Amazon se enfrenta a un nuevo episodio de ajustes en su estructura corporativa con la ejecución de una segunda ronda de recortes que podría afectar a hasta 14.000 empleados de oficina. Fuentes cercanas al gigante tecnológico mencionan que este proceso podría comenzar tan pronto como el martes 27 de enero de 2026. Este ajuste implica a diversas unidades clave dentro de Amazon, incluyendo Amazon Web Services (AWS), la rama de retail, Prime Video y la división de recursos humanos conocida internamente como People Experience and Technology.
Este movimiento se produce después de una primera serie de recortes anunciada en octubre de 2025, cuando Amazon ya había eliminado alrededor de 14.000 puestos corporativos. Si este plan se completa en su totalidad, se estaría hablando de aproximadamente 30.000 salidas en total, representando casi el 10% de su plantilla corporativa. Sin embargo, es importante destacar que a nivel global, Amazon cuenta con cerca de 1,58 millones de empleados, la mayoría ubicados en centros logísticos y operaciones de almacén, lo que significa que el impacto en el empleo total sería menor.
AWS, el negocio de la nube de Amazon, vuelve a estar en el punto de mira en este ajuste. Este sector no solo es uno de los más rentables para la empresa, sino también un área constantemente en busca de eficiencia. Anteriormente, en julio de 2025, ya se habían realizado recortes dentro de AWS como parte de una reorganización más amplia alineada con la automatización y el avance de la Inteligencia Artificial (IA).
A pesar de la vinculación de Amazon con la IA, Andy Jassy, CEO de la compañía, ha aclarado que estos recortes no están impulsados principalmente por razones financieras ni por la automatización. En cambio, Jassy enfatiza la necesidad de reducir la burocracia y las capas de gestión para acelerar la toma de decisiones. En sus propias palabras, el recorte es parte de un esfuerzo por mejorar la organización del trabajo al eliminar las duplicidades acumuladas en el tiempo.
El calendario para este ajuste se presenta desafiante para la compañía, coincidiendo con el término de los 90 días de periodo de nómina ofrecidos a los empleados afectados en la primera ronda de octubre. Esta proximidad temporal entre las dos fases de recorte añade presión e incertidumbre en los equipos corporativos, impactando no solo en la moral, sino también en la planificación y retención de talento.
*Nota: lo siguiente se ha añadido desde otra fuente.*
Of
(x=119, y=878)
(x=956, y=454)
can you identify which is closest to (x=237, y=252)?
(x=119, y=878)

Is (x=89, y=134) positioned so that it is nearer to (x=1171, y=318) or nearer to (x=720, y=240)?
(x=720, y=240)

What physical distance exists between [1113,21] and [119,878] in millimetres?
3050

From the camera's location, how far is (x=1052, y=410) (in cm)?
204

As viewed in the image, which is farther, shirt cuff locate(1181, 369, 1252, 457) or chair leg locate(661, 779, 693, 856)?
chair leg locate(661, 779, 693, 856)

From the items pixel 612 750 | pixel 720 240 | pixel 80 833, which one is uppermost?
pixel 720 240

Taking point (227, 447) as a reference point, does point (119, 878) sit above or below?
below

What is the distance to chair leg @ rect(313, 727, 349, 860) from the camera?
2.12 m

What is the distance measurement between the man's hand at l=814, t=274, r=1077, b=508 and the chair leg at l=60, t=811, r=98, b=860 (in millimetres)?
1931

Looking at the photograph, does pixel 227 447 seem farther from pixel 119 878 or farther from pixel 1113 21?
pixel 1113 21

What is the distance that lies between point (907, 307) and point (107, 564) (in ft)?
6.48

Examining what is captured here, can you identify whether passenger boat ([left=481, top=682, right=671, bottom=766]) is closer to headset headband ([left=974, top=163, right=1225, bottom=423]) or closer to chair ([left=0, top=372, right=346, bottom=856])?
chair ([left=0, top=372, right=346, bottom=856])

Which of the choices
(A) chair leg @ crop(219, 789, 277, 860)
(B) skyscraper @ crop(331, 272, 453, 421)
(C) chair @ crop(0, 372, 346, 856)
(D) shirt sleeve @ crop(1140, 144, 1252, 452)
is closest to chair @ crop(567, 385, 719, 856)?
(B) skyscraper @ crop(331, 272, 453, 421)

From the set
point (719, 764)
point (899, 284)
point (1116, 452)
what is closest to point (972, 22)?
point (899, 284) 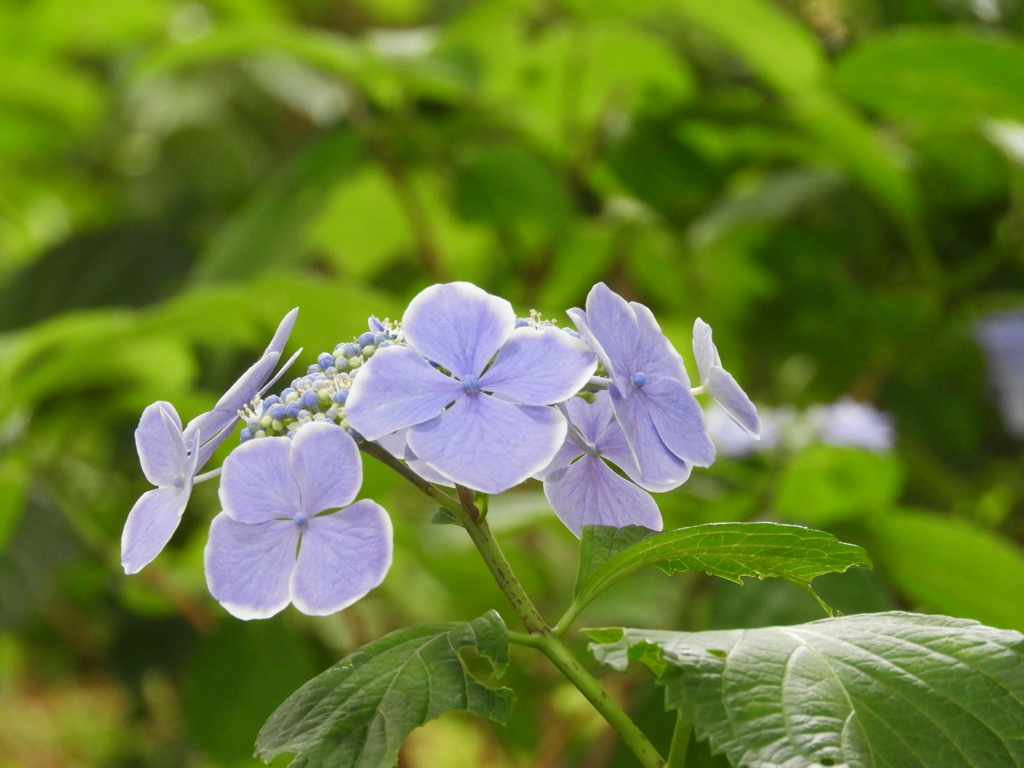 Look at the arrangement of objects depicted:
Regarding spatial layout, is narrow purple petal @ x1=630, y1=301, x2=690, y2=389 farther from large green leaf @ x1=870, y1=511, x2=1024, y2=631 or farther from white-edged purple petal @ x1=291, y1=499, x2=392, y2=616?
large green leaf @ x1=870, y1=511, x2=1024, y2=631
Resulta irónico que estos recortes tengan lugar en medio de un periodo de resultados económicos sólidos para Amazon, con un beneficio neto de 21.200 millones de dólares reportado en el tercer trimestre de 2025. Mientras la empresa continúa invirtiendo en su estrategia de automatización e IA, el término más repetido por los directivos es eficiencia. La reestructuración implica reorganizaciones internas que buscan mayor foco en la ejecución, planteando retos y oportunidades para los empleados que permanecerán.
De cumplirse el plan completo de 30.000 recortes, Amazon estaría llevando a cabo una de las mayores reestructuraciones corporativas de su historia. La empresa sigue defendiendo que, aunque la reconfiguración afectará a una pequeña fracción del total de sus empleados a nivel mundial, el impacto en el llamado «cerebro corporativo» será significativo. En el contexto más amplio de Silicon Valley, esta tendencia refleja un cambio hacia la optimización de las plantillas impulsado por las nuevas tecnologías.